In the essay “Enemies,” from the “Hackers and Painters” collection, the expert Paul Graham explains that when we are successful in what we do, there will always be people who criticize us and even hate us. The disgust of these people for what we do is characterized by creating an image of you that is much worse than reality. For them, everything you do is bad, just because you do it, and they will make it known to everyone. These people are precisely those who generate toxic competitiveness in the workplace.
Getting rid of toxic competitiveness depends on who leads the work teams. A leader must know how to eliminate it, and here are some tips for doing it:
- You must create a collaborative environment rather than a competitive one. The conditions must be established so that all team members can give the best of themselves and participate in achieving the objectives.

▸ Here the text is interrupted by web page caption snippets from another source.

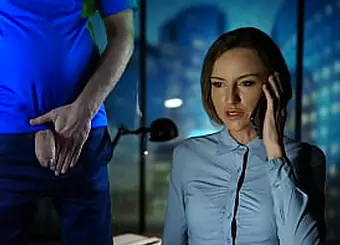 The Courier Dumps a Blast At work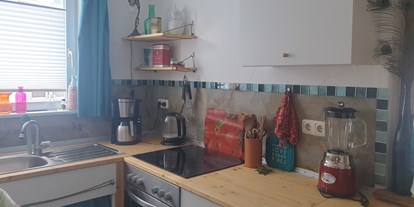 Monteurwohnung - Zimmertyp: Doppelzimmer - Gädheim - Küche - Unser Obervolkacher Ferienhaus - die Ferienwohnung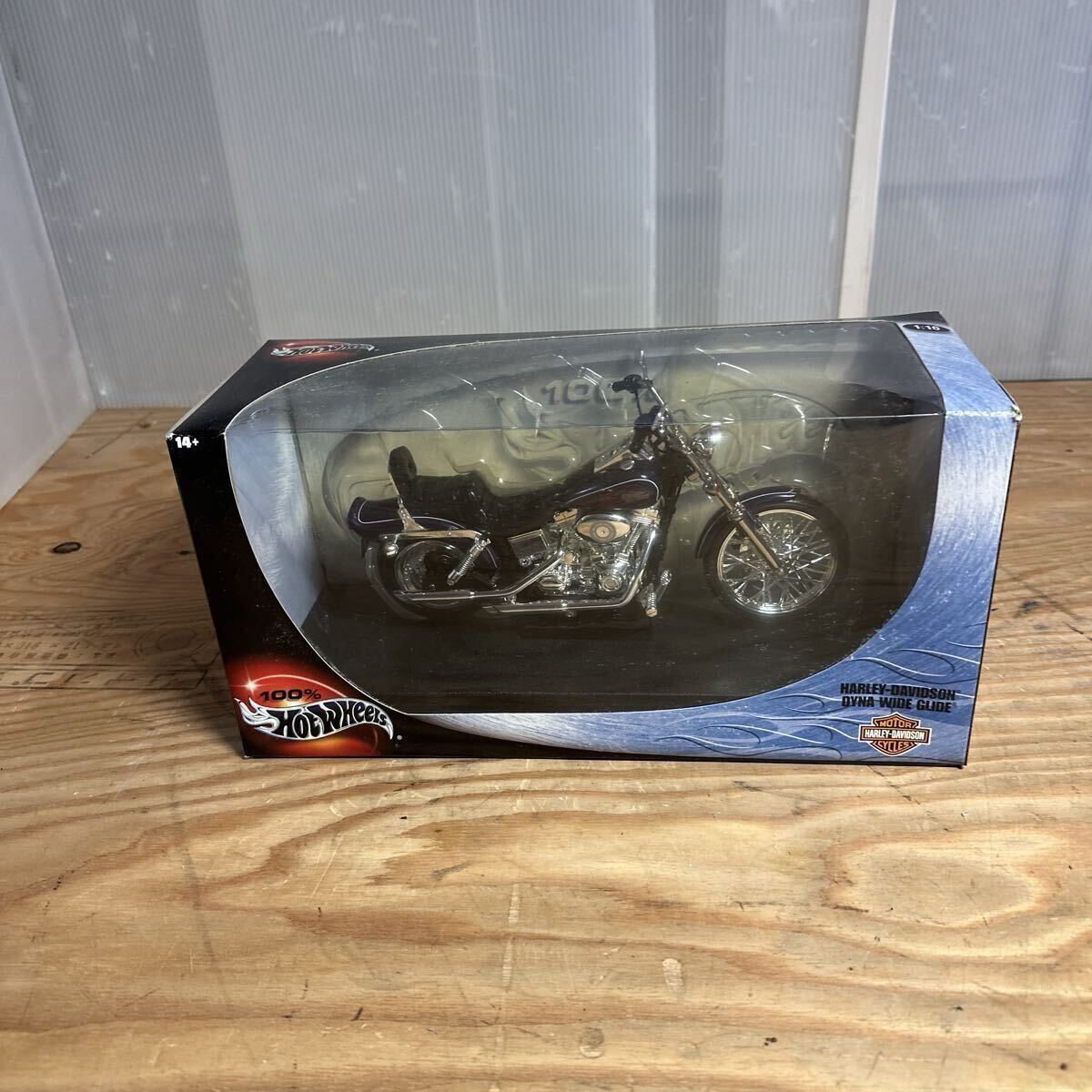 ホットウィール　 ハーレーダビッドソン HARLEY-DAVIDSON 1:10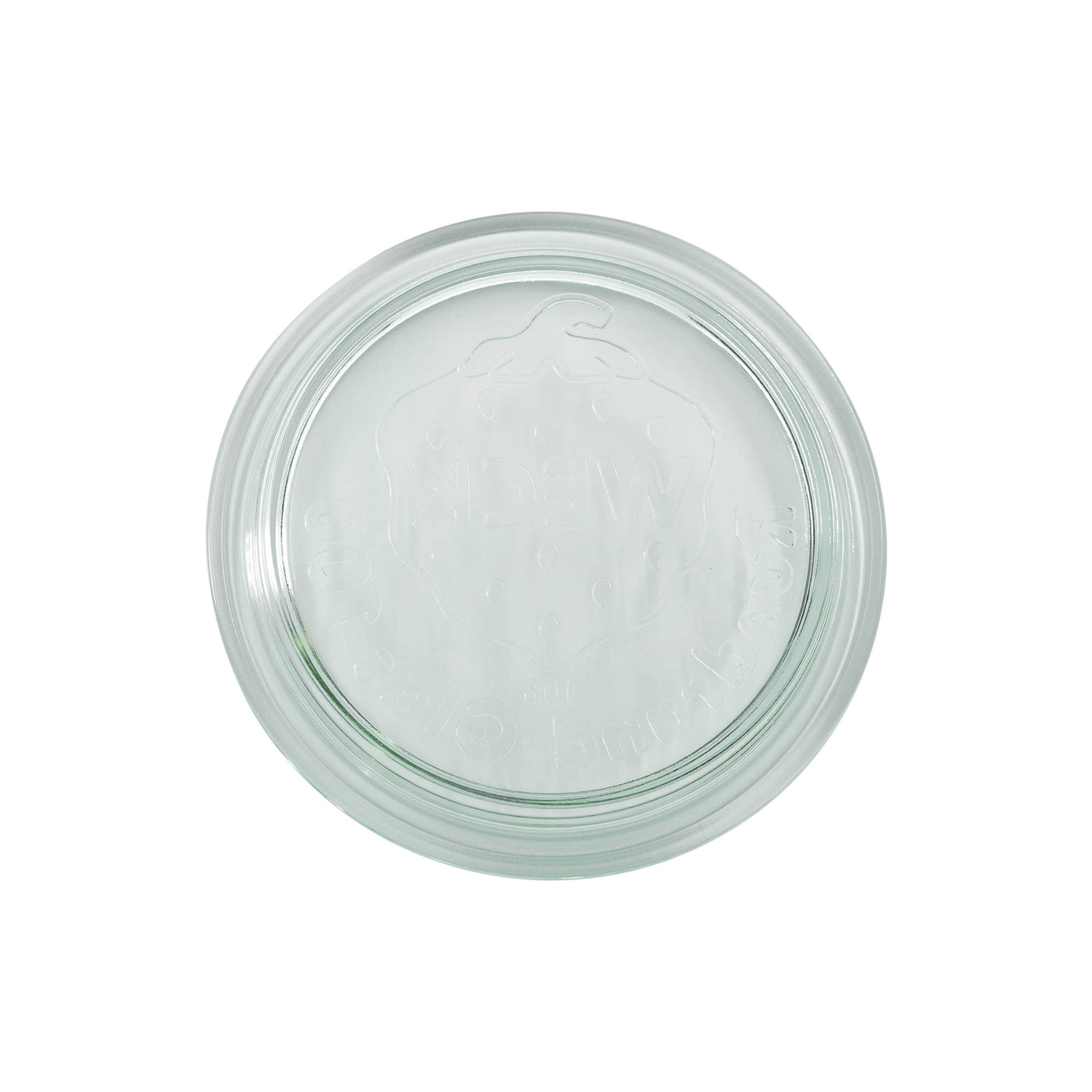 WECK-Glasdeksel Rondrand #, voor opening: RR100 WECK-Glasdeksel Rondrand #, voor opening: RR100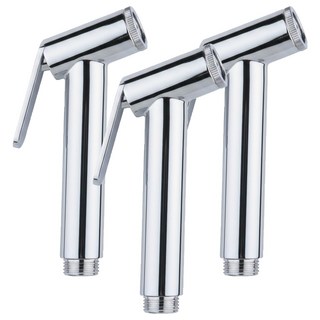 小麥購物 增壓馬桶噴槍 G074 56g 3個, 銀色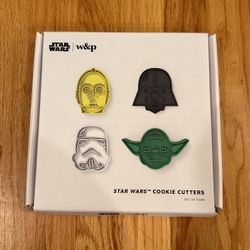 New Star Wars Cookie Cutters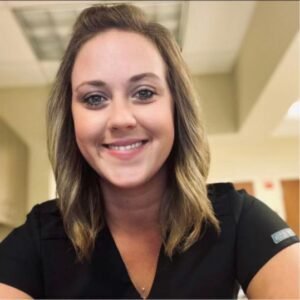 Picture of Ashley our Medical Assistant.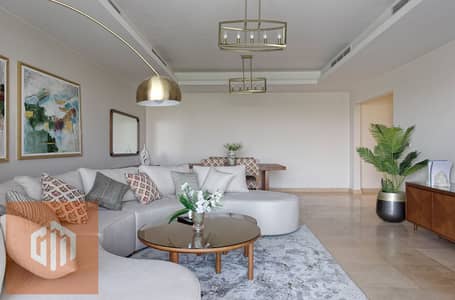 شقة 2 غرفة ماستر للإيجار في CFC Living | مفروشة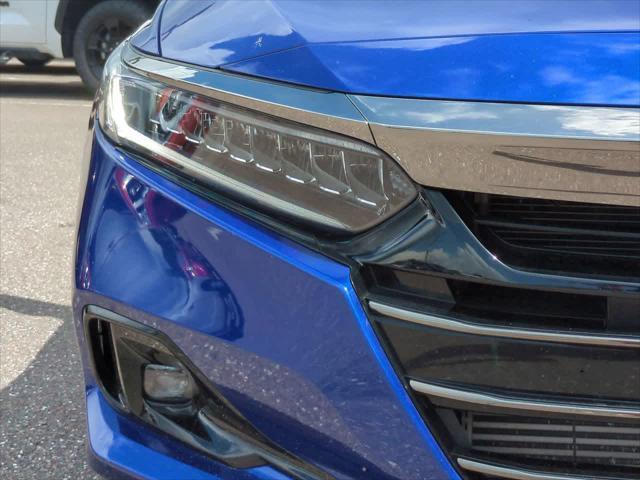 used 2021 Honda Accord car, priced at $22,444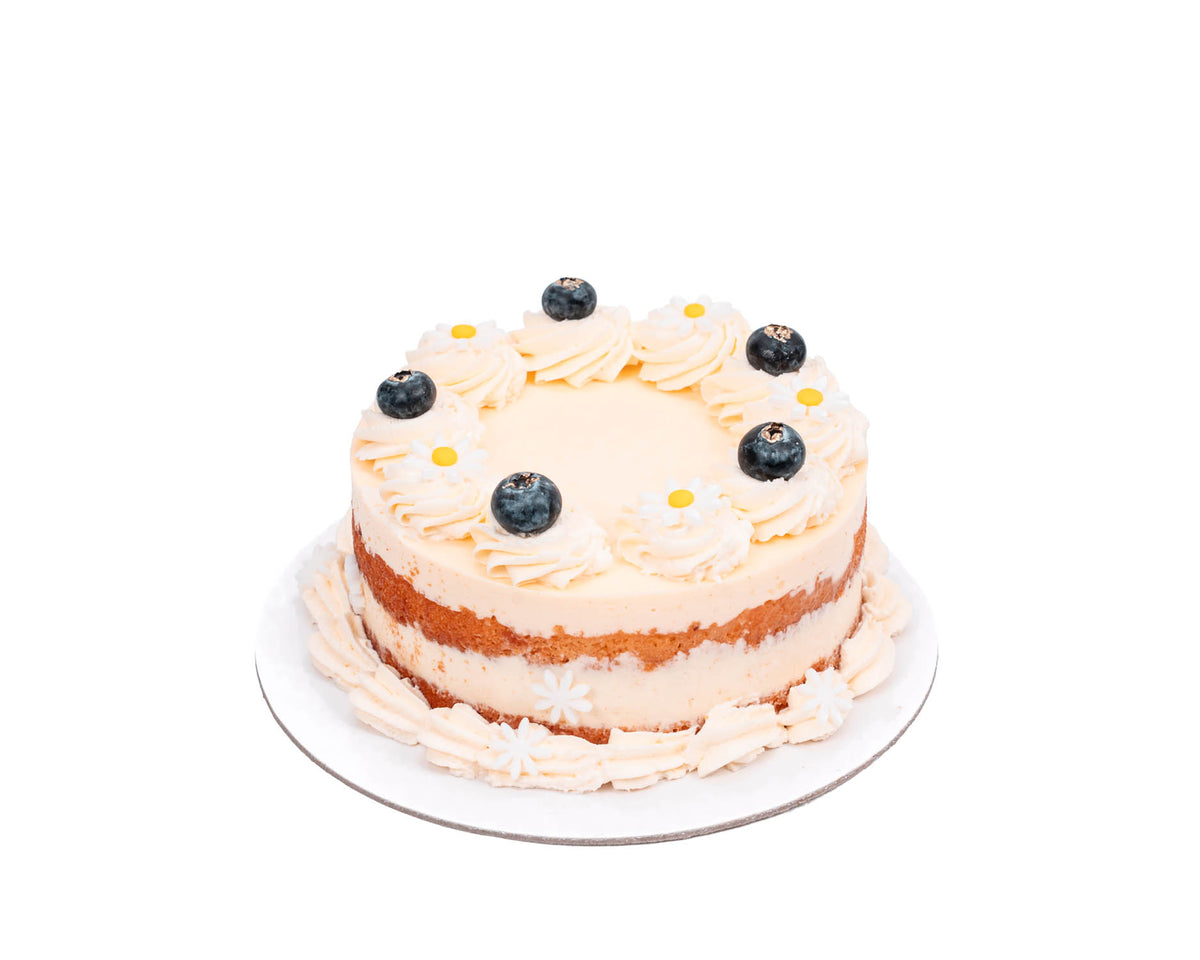 Tort royal cu lime și soc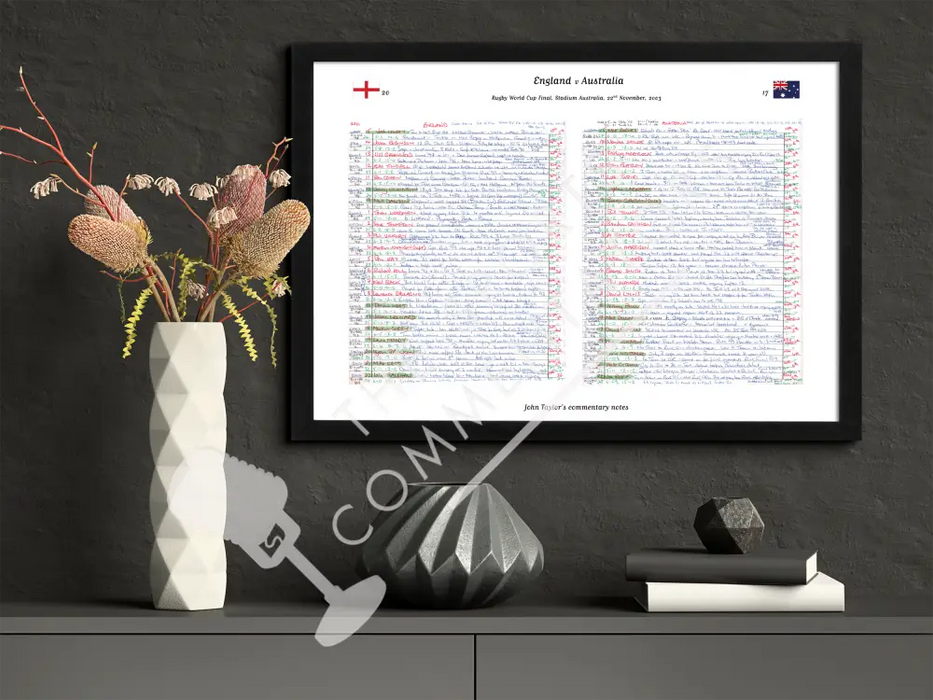 RUGBY UNION England v Australia Rugby World Cup Final Stadium Australia Sydney. November 22 2003. John Taylor.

- To create a healthy work environment, you must model the behavior you want to achieve in your team members. You must lead by example by listening and taking everyone into account.
- Rewards should be focused on team achievement rather than individual achievement. In this way, you will create a collaborative environment.
- You must characterize the projects to be carried out as activities that require diverse perspectives and skills. Each member can contribute something from their perspective, knowledge, and skills.
Act with justice and transparency in your relationship with others, you should also avoid favoritism.
For its part, to overcome any record of a toxic or aggressive competitive environment in your company, I recommend that you train your employees to act in a certain way when faced with it, for example:
- Protect the work of each of the employees with separate accounts and under passwords.
- Establish trust and the instruction to report bad practices among colleagues to intervene in time.
- Prohibit humiliation and ridicule among employees under sanctions applicable to all workers equally.
On the other hand, you must gradually build a healthy work environment so that the interventions are minimal and preserve the well-being and mental health of the workers and your own.
How to build a positive work environment?
According to a study by PsicoSmart, a personnel selection agency, the work team members are 38% more likely to perform above average when they are in a positive work environment and are committed, but how to achieve it? ?, do what I:
- Promotes staff training: In this way, everyone will have the same opportunities to grow, and competition will be healthy.
- It opens up feedback: This way, everyone can give their ideas, and it will give rise to improving the company’s processes, including those that have to do with the assignment of responsibilities.
- Work and personal life in balance: The imbalance in an employee’s personal life due to excessive overtime or too much responsibility also leads to problems in the work environment, as there will be more dissatisfied and stressed people. Make sure you give your employees the rest they need.
- Create meeting spaces: There is nothing like dialogue to strengthen trust and foster good relationships between team members. Create spaces where they can interact with each other. Talking about topics far from the work routine has a profound positive impact on the creation of healthy relationships.
The next time you face a situation similar to the ones described here, keep these tips in mind so that you can create a healthy, productive work environment that, above all, allows people to show their full value as part of a team. Work.